*What the task asks*: An exact copy of all the data, minus the images, is required.

[Stored dataset items]
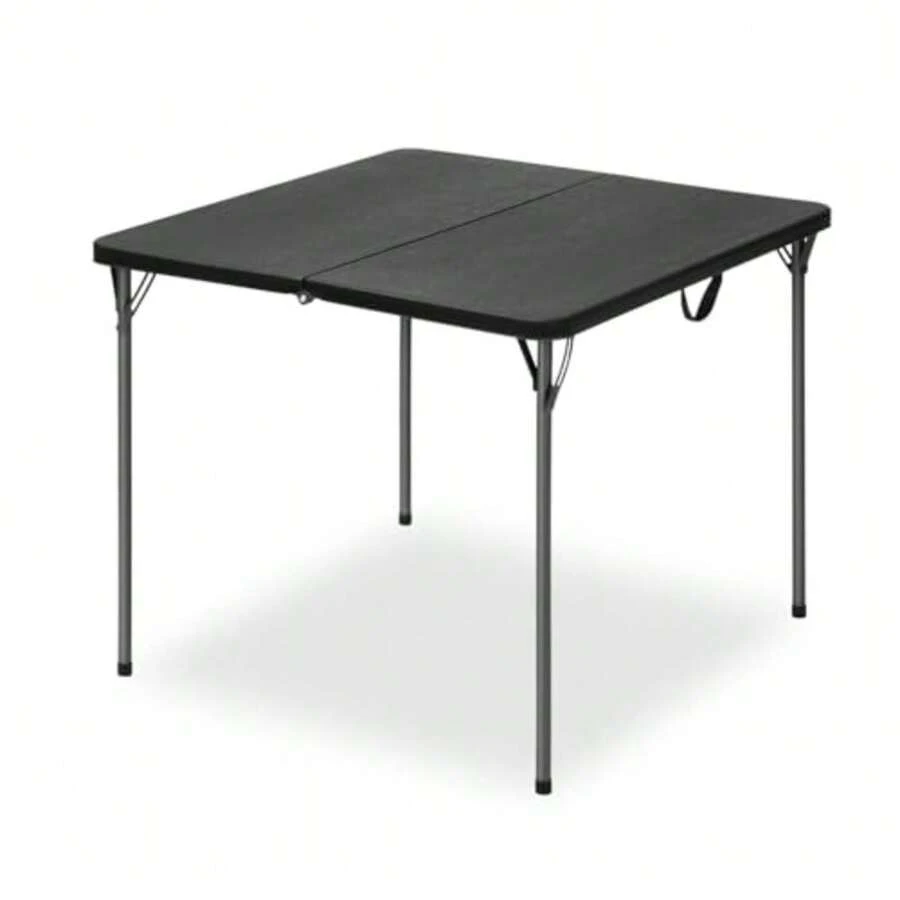 34" Square Folding Table For 4 Person, 330lbs Weight Capacity Foldable Table With HDPE Tabletop And Heavy-Duty Steel Legs, Large Portable Picnic Table For Indoor Outdoor Parties, Camping - Black - View 1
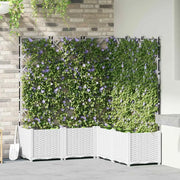 Vaso da giardino 5 pz-Set di 5 Fioriera da Esterno-Contenitore per Piante Bianco 120 x 120 x 143 cm Acciaio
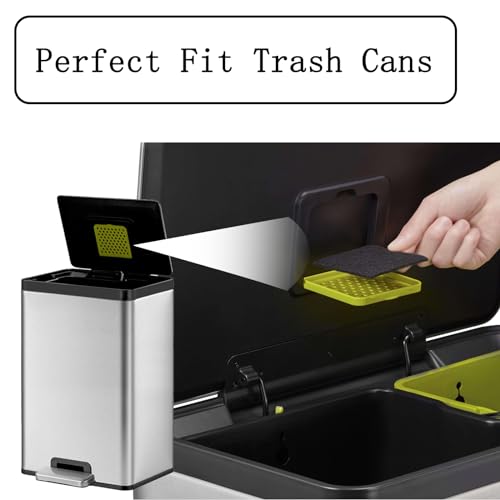 16 Pack Activated Carbon Filter with 2 Pack Recycle+Trash Sticker Fits EKO Trash Can with Built-in Compartment, Also Fits SIMPLI-Magic Garbage Bins, for Trash Can and Compost Bin - style: 16 Pack Filter & Recycle+Trash Sticker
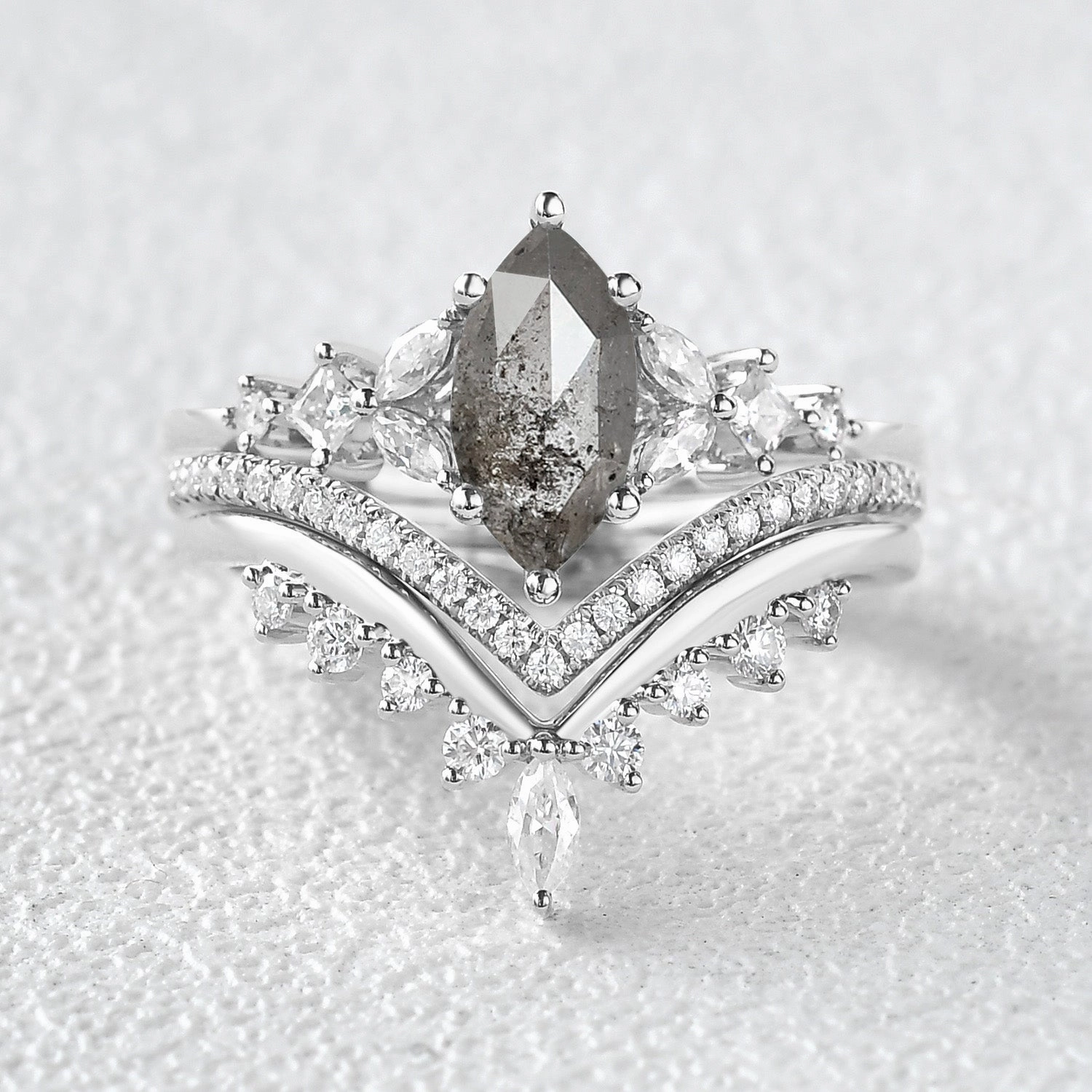 Golden Accent Marquise Salt and Pepper Diamond Engagement Ring Set 3pcs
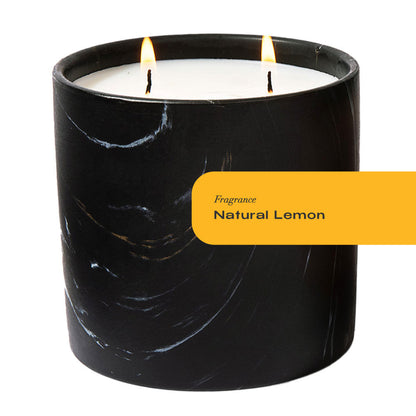 Natural Lemon Black Marquina Candle 17oz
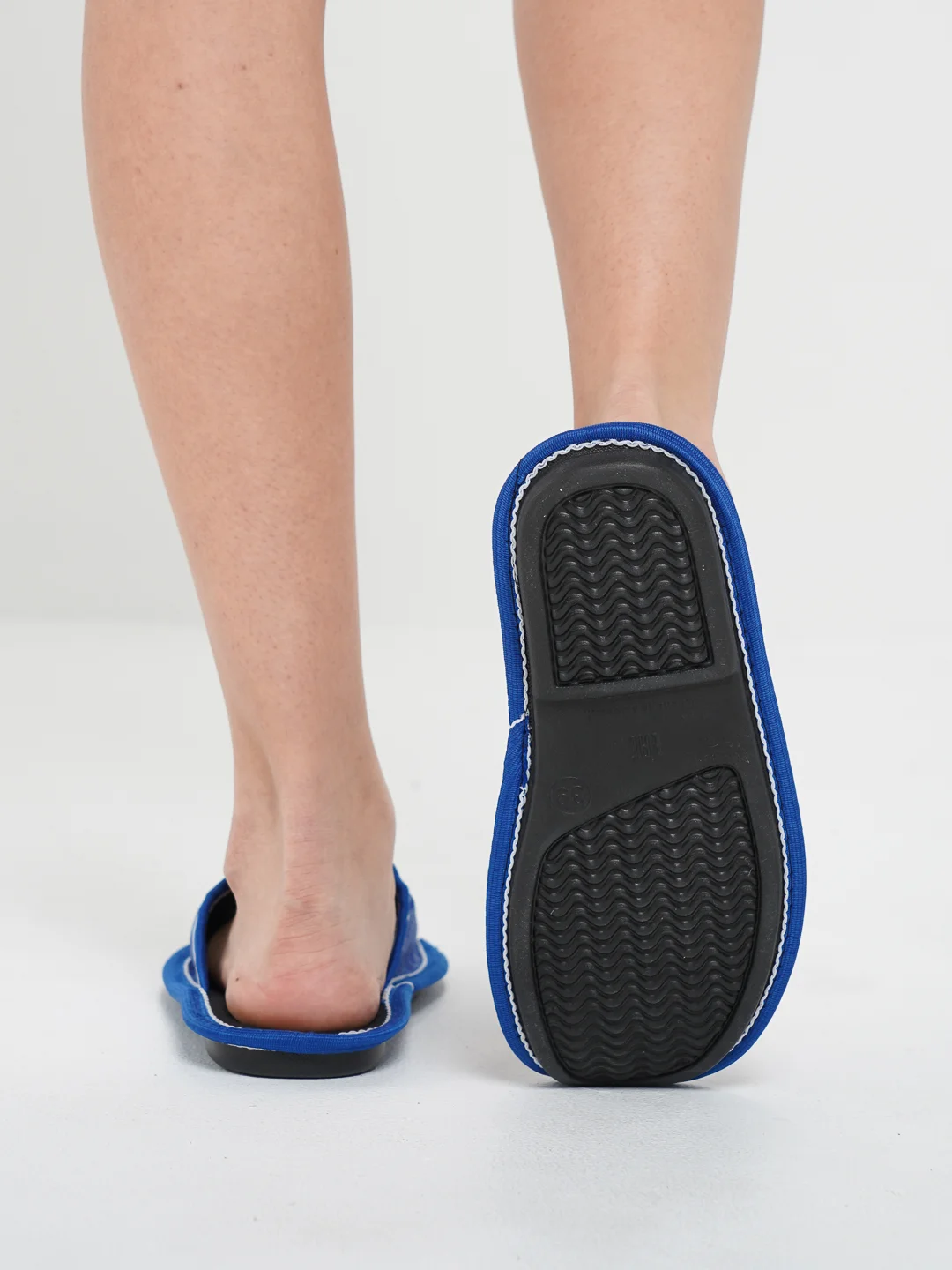 Синий тапочки домашние, женские, с открытым носом, Soft Slippers, 4 цвета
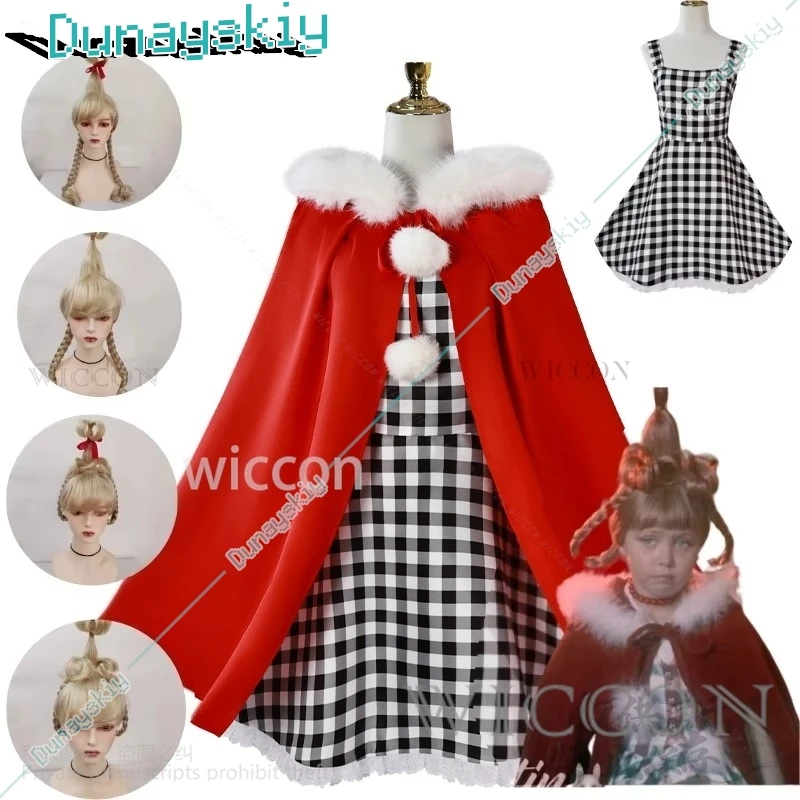 Аниме Синди Лу косплей костюм клетчатое платье красный плащ наряд светлый парик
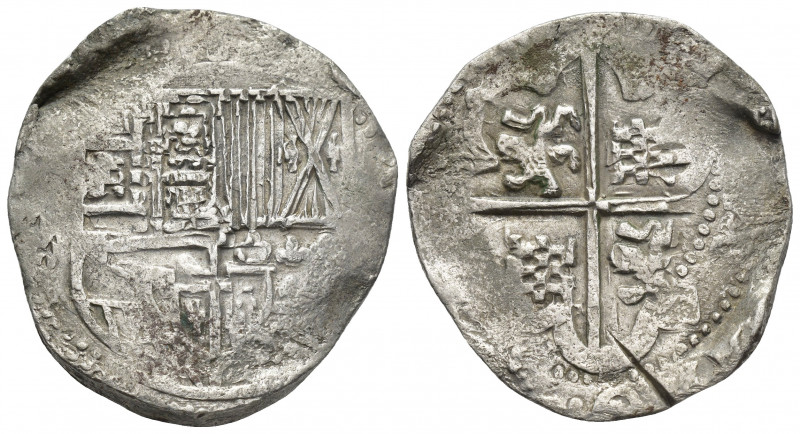 Spain, Reales.
Obs: Legend illegible.
Crowned Habsburg coat-of-arms; Mintmark ...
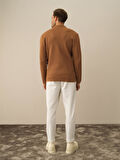 Xint Camel Dokulu Pamuk Dokulu Regular Fit Triko Ceket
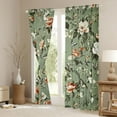 thumbnail image 3 of Manfei Floral Blossoms Birds Girl Curtains Pack of 2 (42x84 Each),Chic Flowers Curtains Blackout,Retro Vintage Bedroom Curtains,Luxury Bedroom Decor, 3 of 6
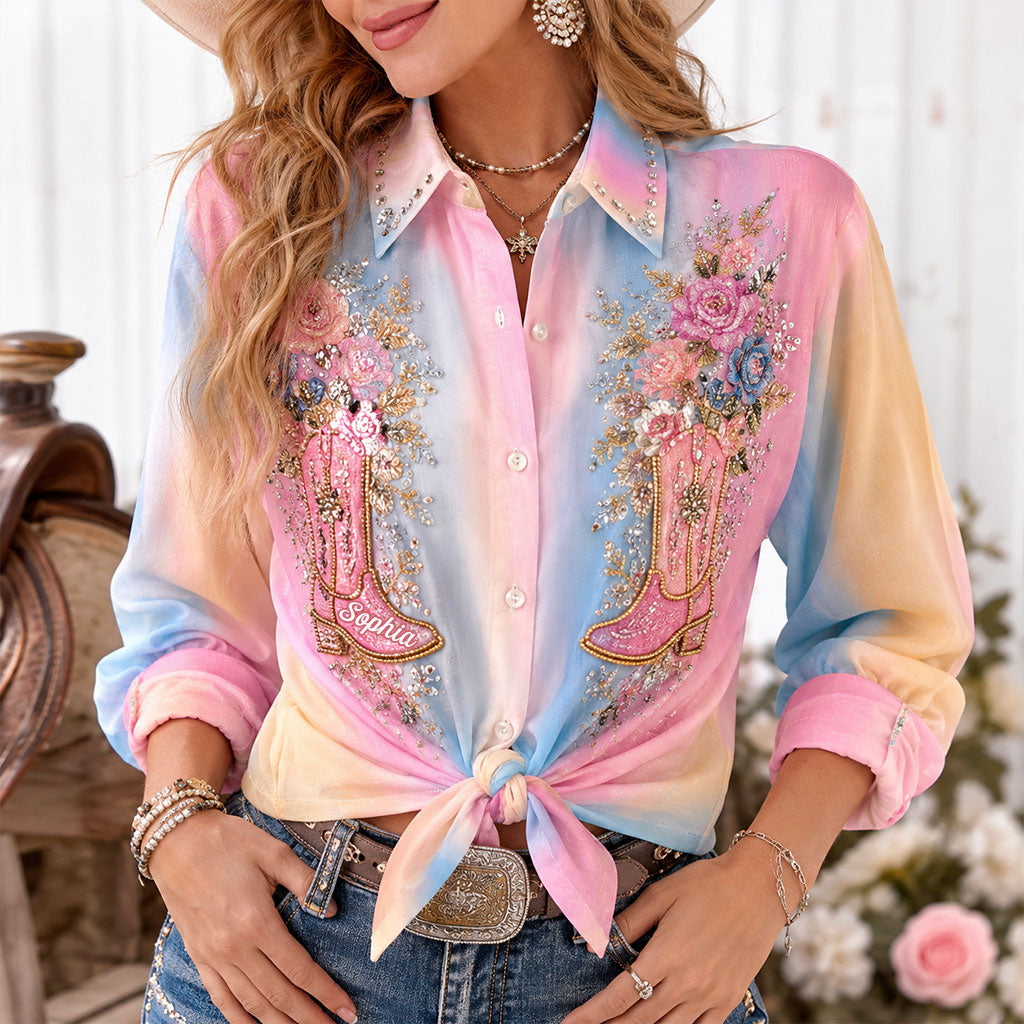 Cowgirl Siprit - Personalized Cowgirl Button-Up Shirt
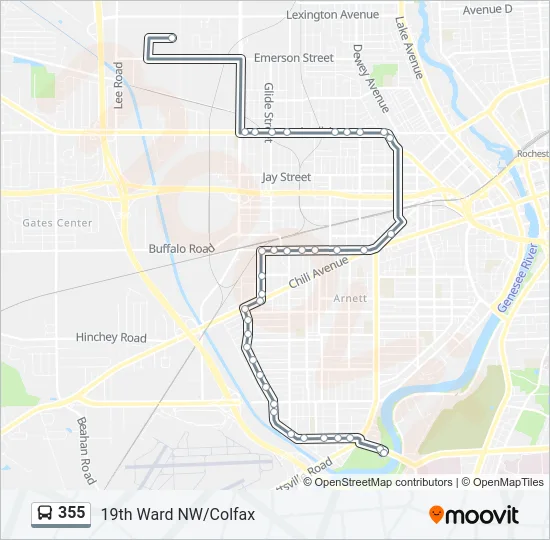 355 Bus Line Map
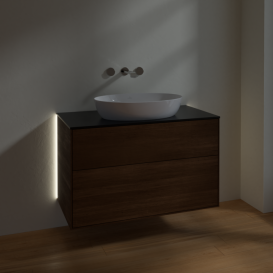 Тумба под раковину Villeroy & Boch Finion 100х50,1 см с подсветкой МДФ шпон грецкого ореха/стекло черное матовое GA0200GN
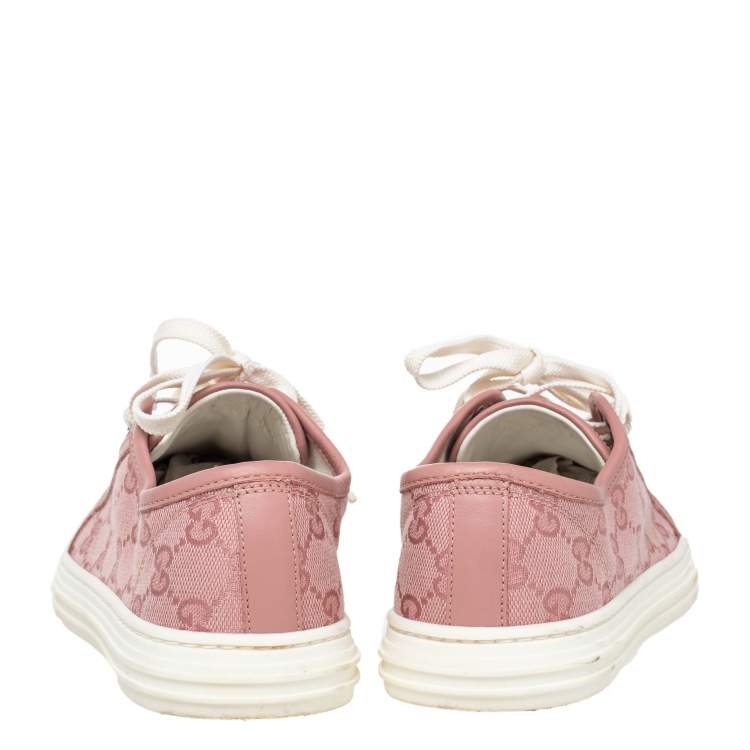 Pre Owned Gucci Pink GG Canvas And Leather Low Top Sneakers Size 36.5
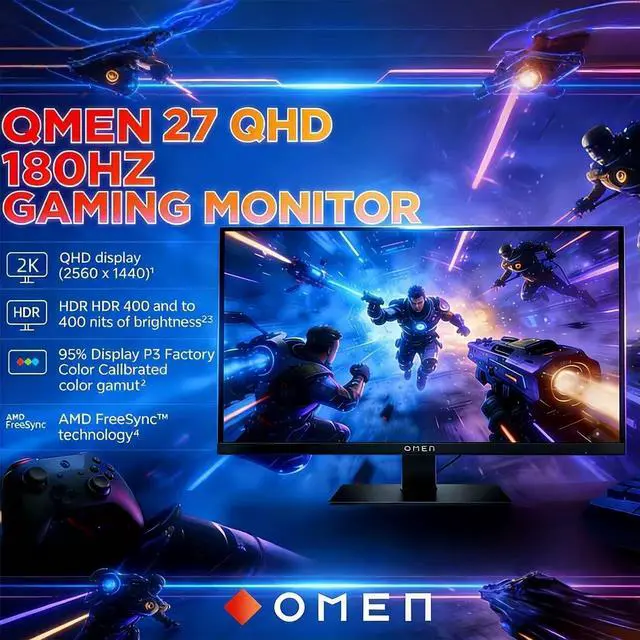 Alt view image 2 of 7 - HP OMEN 27 Inch QHD (2560 x 1440) Gaming Monitor, 180Hz Refresh Rate, 1ms Response Time, AMD FreeSync, IPS Eye Comfort Display, Ultra-Smooth Gameplay, Low Blue Light, OMEN 27q G2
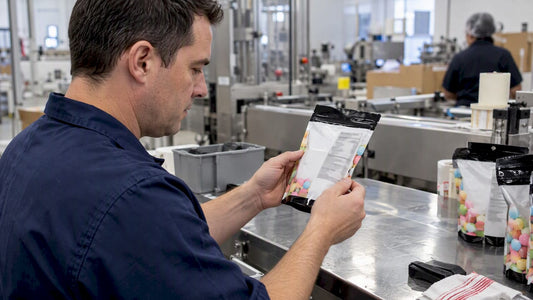 Technician checking a candy pouch ingredient panel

*Exercise answer*:
 34" Square Folding Table For 4 Person, 330lbs Weight Capacity Foldable Table With HDPE Tabletop And Heavy-Duty Steel Legs, Large Portable Picnic Table For Indoor Outdoor Parties, Camping - Black - View 1
 Vaso da giardino 5 pz-Set di 5 Fioriera da Esterno-Contenitore per Piante Bianco 120 x 120 x 143 cm Acciaio
 16 Pack Activated Carbon Filter with 2 Pack Recycle+Trash Sticker Fits EKO Trash Can with Built-in Compartment, Also Fits SIMPLI-Magic Garbage Bins, for Trash Can and Compost Bin - style: 16 Pack Filter & Recycle+Trash Sticker
 Golden Accent Marquise Salt and Pepper Diamond Engagement Ring Set 3pcs
 Natural Lemon Black Marquina Candle 17oz
 Синий тапочки домашние, женские, с открытым носом, Soft Slippers, 4 цвета
 Аниме Синди Лу косплей костюм клетчатое платье красный плащ наряд светлый парик
 Spain, Reales.
Obs: Legend illegible.
Crowned Habsburg coat-of-arms; Mintmark ...
 Xint Camel Dokulu Pamuk Dokulu Regular Fit Triko Ceket
 thumbnail image 3 of Manfei Floral Blossoms Birds Girl Curtains Pack of 2 (42x84 Each),Chic Flowers Curtains Blackout,Retro Vintage Bedroom Curtains,Luxury Bedroom Decor, 3 of 6
 Cowgirl Siprit - Personalized Cowgirl Button-Up Shirt
 355 Bus Line Map
 Тумба под раковину Villeroy & Boch Finion 100х50,1 см с подсветкой МДФ шпон грецкого ореха/стекло черное матовое GA0200GN
 Pre Owned Gucci Pink GG Canvas And Leather Low Top Sneakers Size 36.5
 Alt view image 2 of 7 - HP OMEN 27 Inch QHD (2560 x 1440) Gaming Monitor, 180Hz Refresh Rate, 1ms Response Time, AMD FreeSync, IPS Eye Comfort Display, Ultra-Smooth Gameplay, Low Blue Light, OMEN 27q G2
 Technician checking a candy pouch ingredient panel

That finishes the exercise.